--- INFORMATION PROVIDED ---
****************

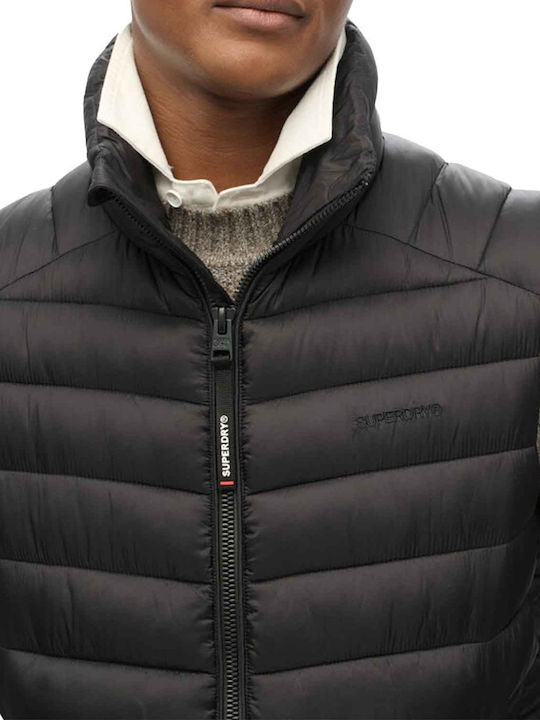 Superdry Fuji Sport Geacă pentru bărbați Puffer Negru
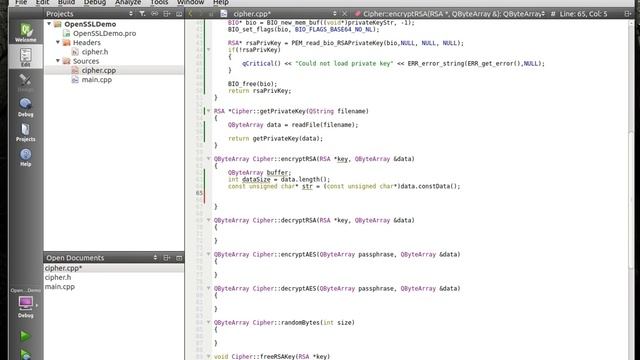 C++ Qt 152 - OpenSSL Working with RSA смотреть онлайн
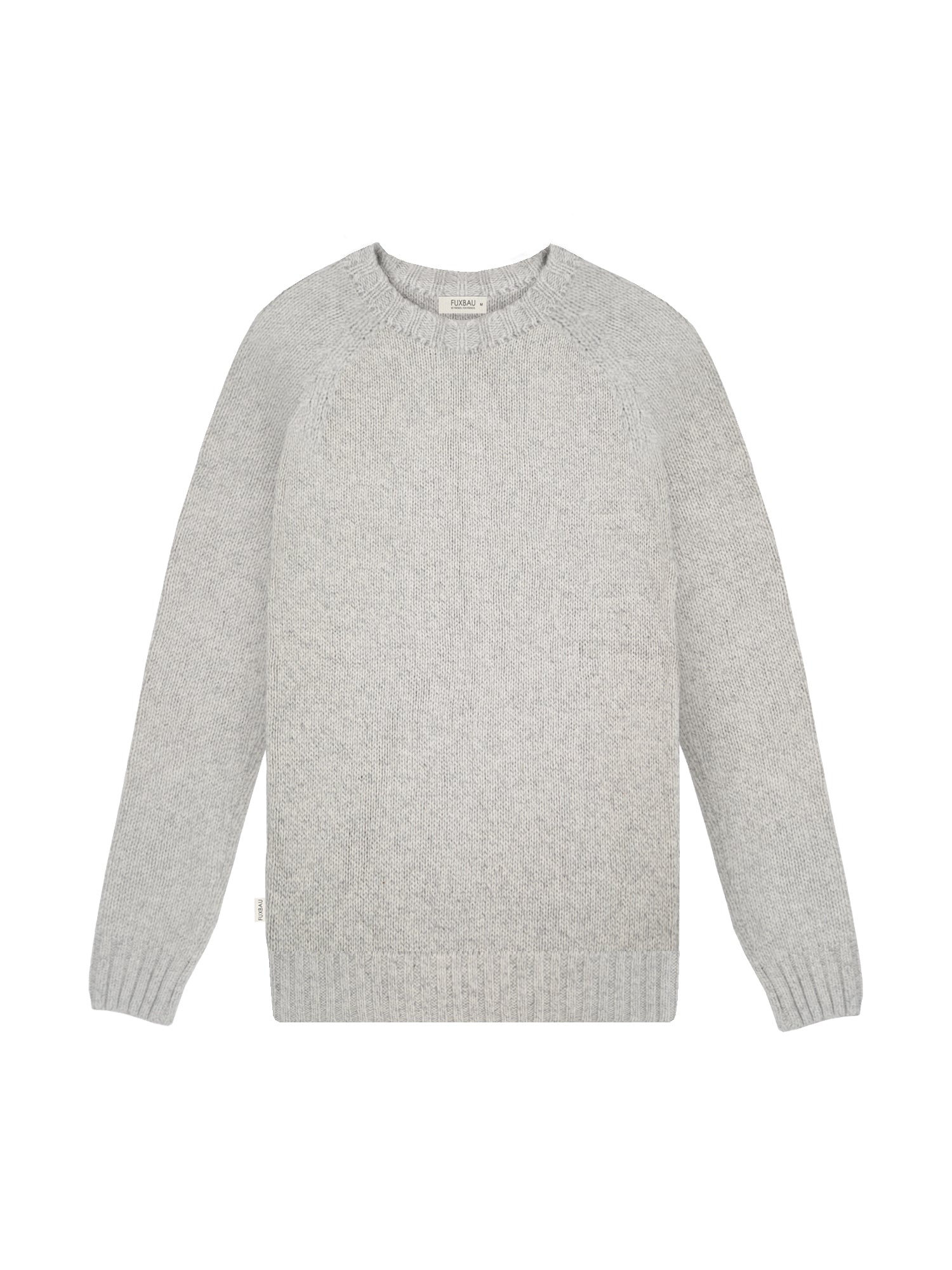 Nachhaltiger Männer Merino Strickpullover in grau aus 100% Merinowolle und fair in Deutschland hergestellt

****************

--- WHAT TO PRODUCE ---
The listing is to be repeated word for word, with all pictures omitted.

--- TASK ANSWER ---
 Superdry Fuji Sport Geacă pentru bărbați Puffer Negru
 C++ Qt 152 - OpenSSL Working with RSA смотреть онлайн
 Nachhaltiger Männer Merino Strickpullover in grau aus 100% Merinowolle und fair in Deutschland hergestellt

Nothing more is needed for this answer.